November 21st, 2013 at 2:08 pm

With the gubernatorial race upon us, and local elections being decided throughout the country, the public will surely continue to be inundated with political ad campaigns and candidates’ appearances throughout the region. One of the most discussed issues involves Texas’ economy, and the correlated issues of unemployment rates and the public debt.

 According to My San Antonio, Attorney General Greg Abbott, who is running for the 2014 GOP gubernatorial nomination, stated during a recent campaign appearance that Texas’ debt ranks as the second highest among large states in the U.S., while San Antonio holds the highest debt of any city within the state. While this state of affairs is concerning, especially considering the recent actions of cities in financial crisis in other parts of the country, perhaps the public can find some reassurance in the fact that the elections will call attention to these issues and potentially produce proposed resolutions.

Unfortunately, considering the state of economic affairs in the state of Texas, it is not surprising that the citizens of Texas also experience financial strain. While the proposition of filing municipal bankruptcy is something that is generally considered as a last resort and is something to be avoided, individuals do not always have other feasible options.
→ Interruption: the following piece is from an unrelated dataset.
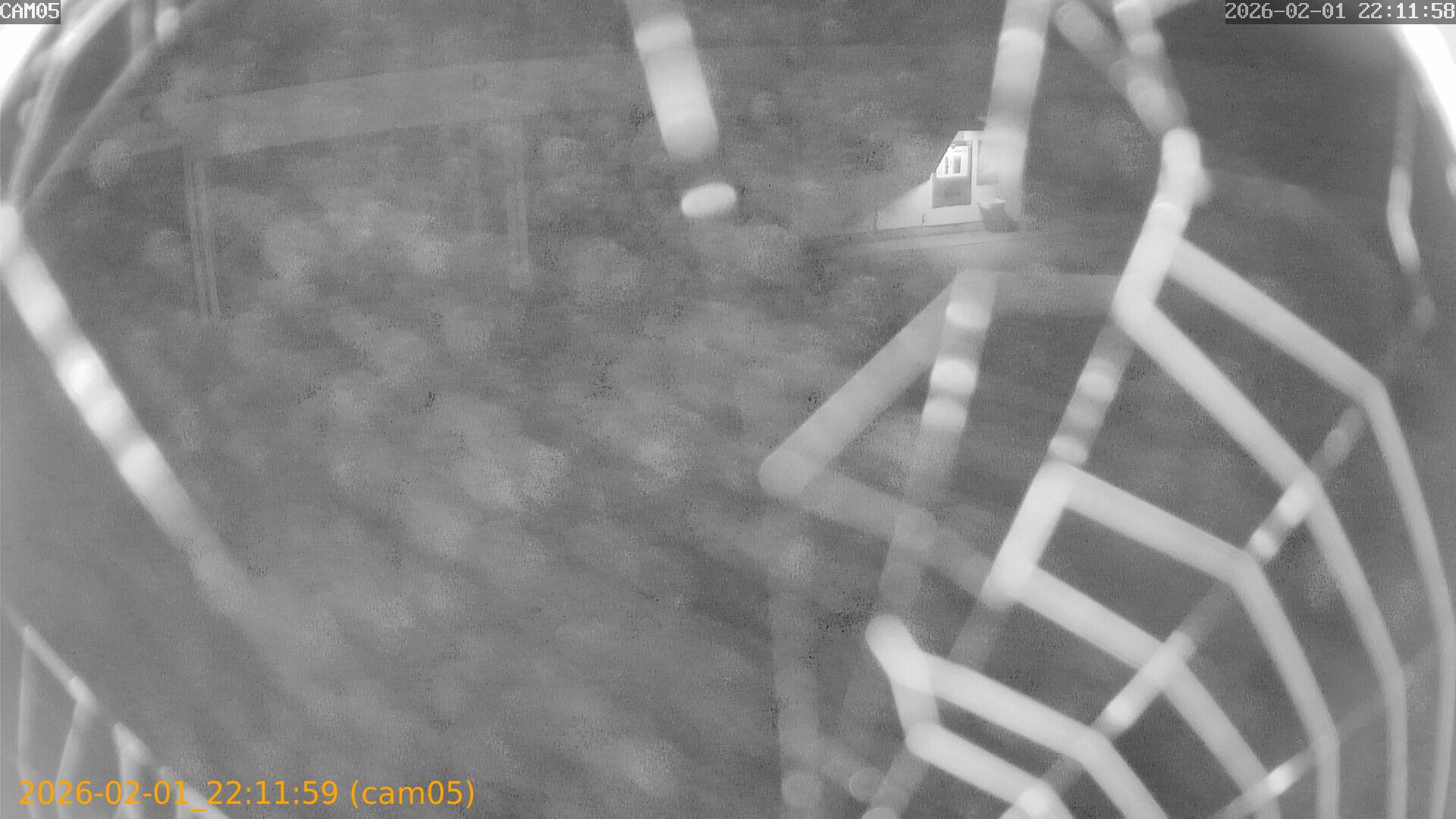 thumbnail_202602012211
However, bankruptcy should not always be viewed as a negative process, as bankruptcy can offer not only debt relief for those who file, but a fresh start at a positive financial future.

Individuals generally file either a Chapter 7 or a Chapter 13 bankruptcy petition, depending on their intentions and the facts and circumstances surrounding their particular situation.  In a Chapter 7 bankruptcy, the petitioner obtains a discharge of his or her debt in exchange for surrendering certain items of property that will later be sold to satisfy their debt.  The bankruptcy code allows for certain exemptions that can be used to protect some items of the petitioner’s property from being surrendered.  In a Chapter 13 bankruptcy, the petitioner agrees to a repayment plan which provides for the petitioner’s debt to be repaid over a period of time, which can also include avoiding foreclosure by entering into a payment plan for the amount that is past due on the petitioner’s mortgage.  The petitioner’s specific repayment plan will depend on various factors, including income, total amount of debt, and types and the extent of other property they own.

The bankruptcy process can be overwhelming and complicated.  An experienced bankruptcy attorney in San Antonio can help guide you through the process and offer assurance in a stressful time.  Contact us today to discuss your options in filing for bankruptcy, and for advice in how to seek relief from financial difficulty.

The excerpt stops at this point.